▶ WHAT IS NEEDED:
Reproduce the entries that follow exactly, dropping each image.

▶ RECORDS SHOWN:
-*-

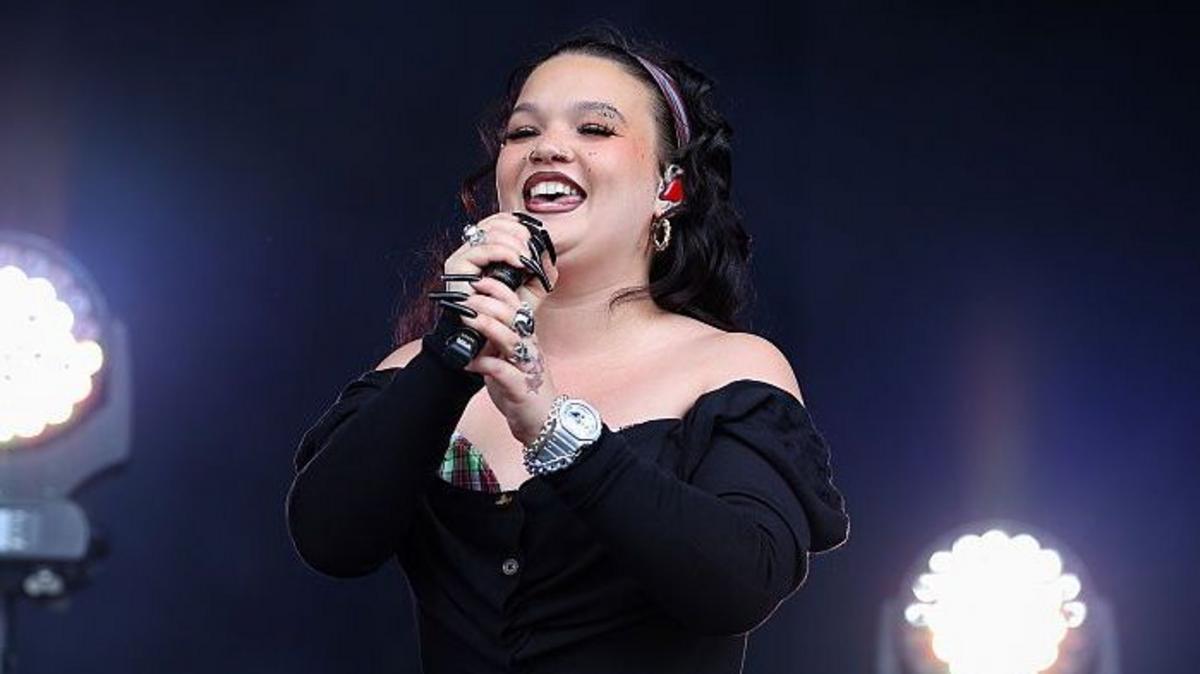 Lola Young Returns With Surprise Set At Reading Festival Final Day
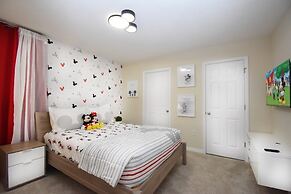 1705vp 4 Bedroom Home by RedAwning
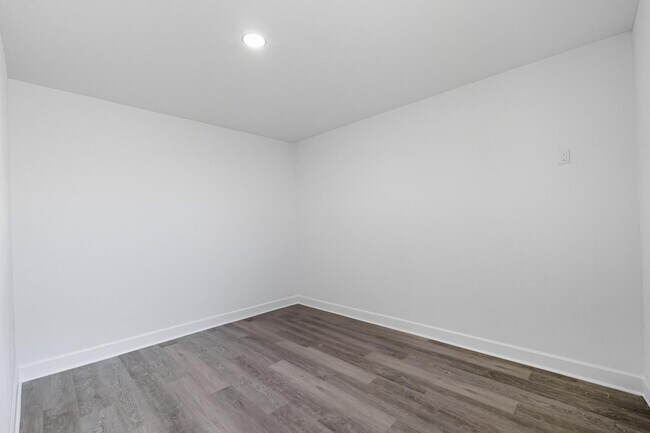 Building Photo - 2491 Coronado Way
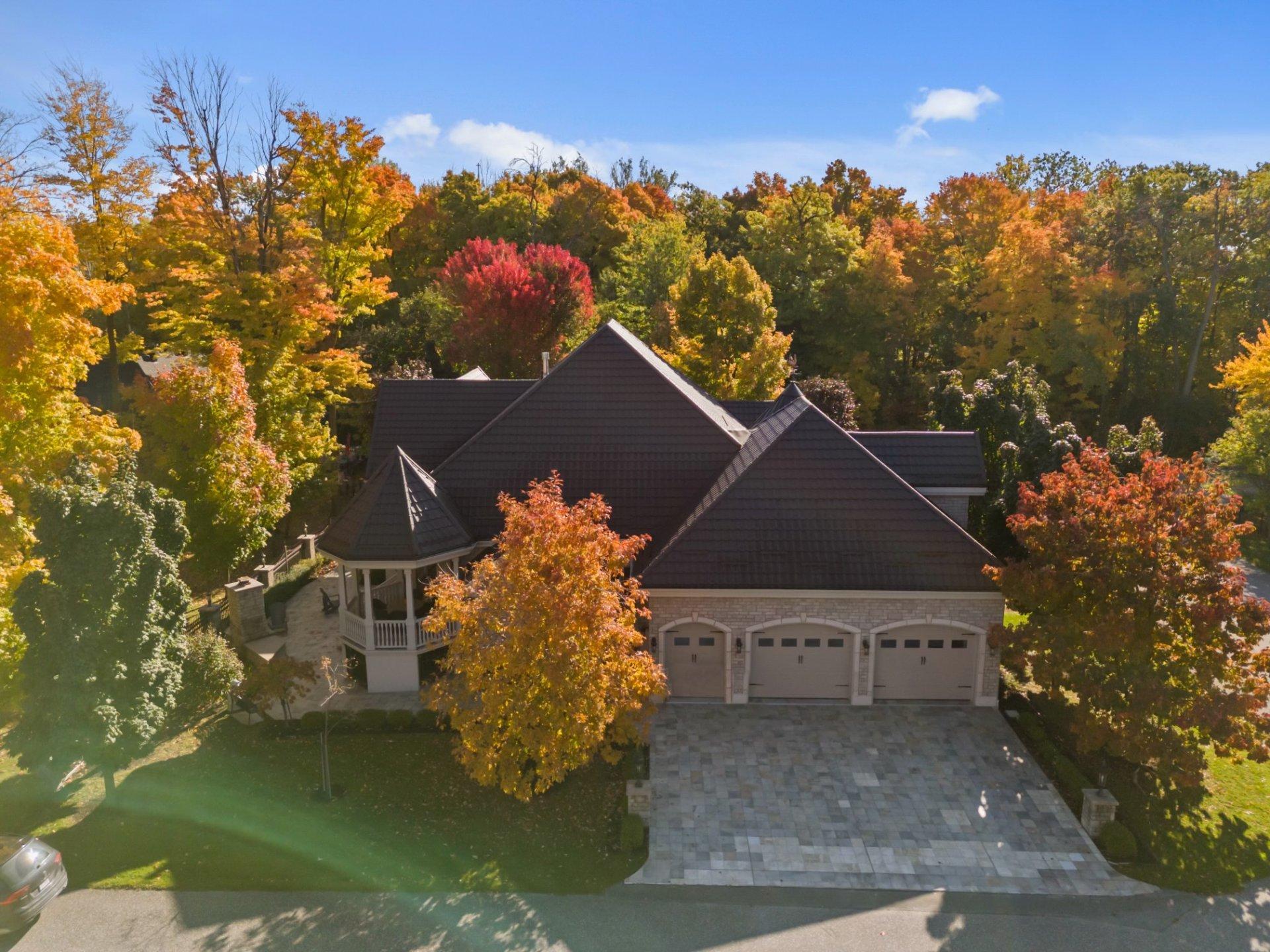 









715


Rue des Séminaristes

,
Saint-Hyacinthe,




QC
J2S9B7

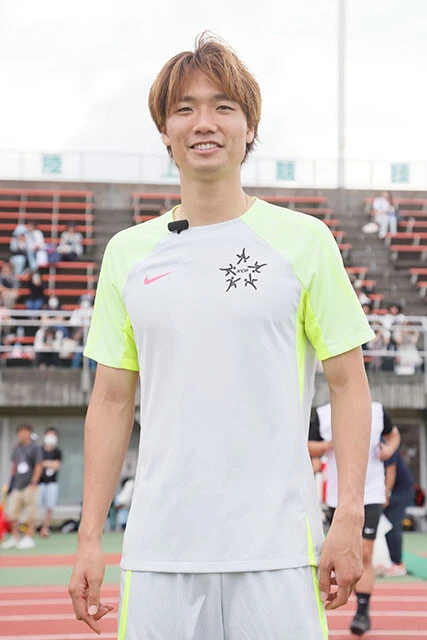 KCPのロゴが入ったトレーニングウェア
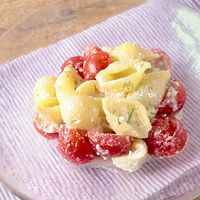 カッテージチーズとミニトマトのパスタサラダ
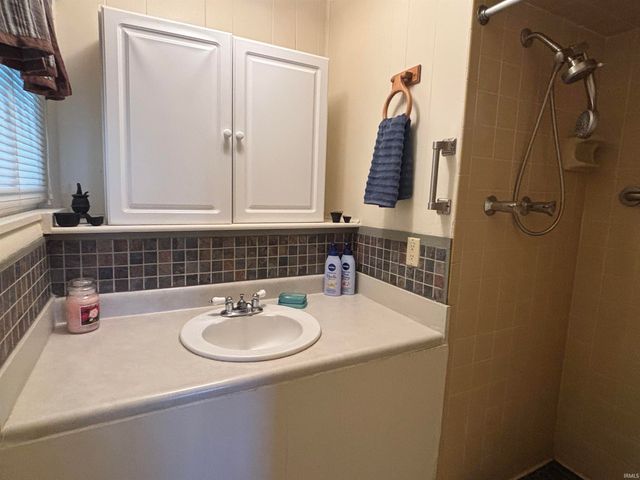 3410 CHARLOTTE Avenue, Fort Wayne, IN 46805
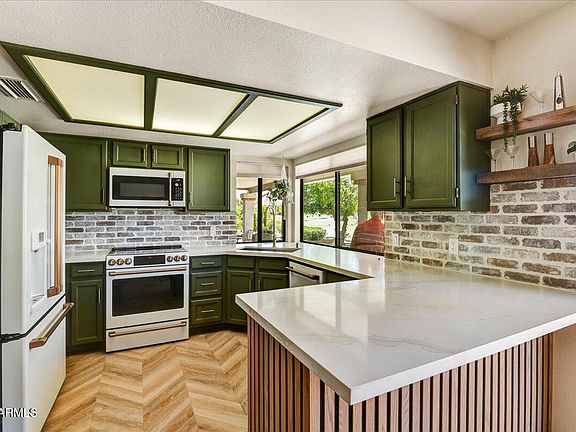 4th image of 19025 N 96TH Avenue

-*-

▶ TASK ANSWER:
 Lola Young Returns With Surprise Set At Reading Festival Final Day
 1705vp 4 Bedroom Home by RedAwning
 Building Photo - 2491 Coronado Way









715


Rue des Séminaristes

,
Saint-Hyacinthe,




QC
J2S9B7

 KCPのロゴが入ったトレーニングウェア
 カッテージチーズとミニトマトのパスタサラダ
 3410 CHARLOTTE Avenue, Fort Wayne, IN 46805
 4th image of 19025 N 96TH Avenue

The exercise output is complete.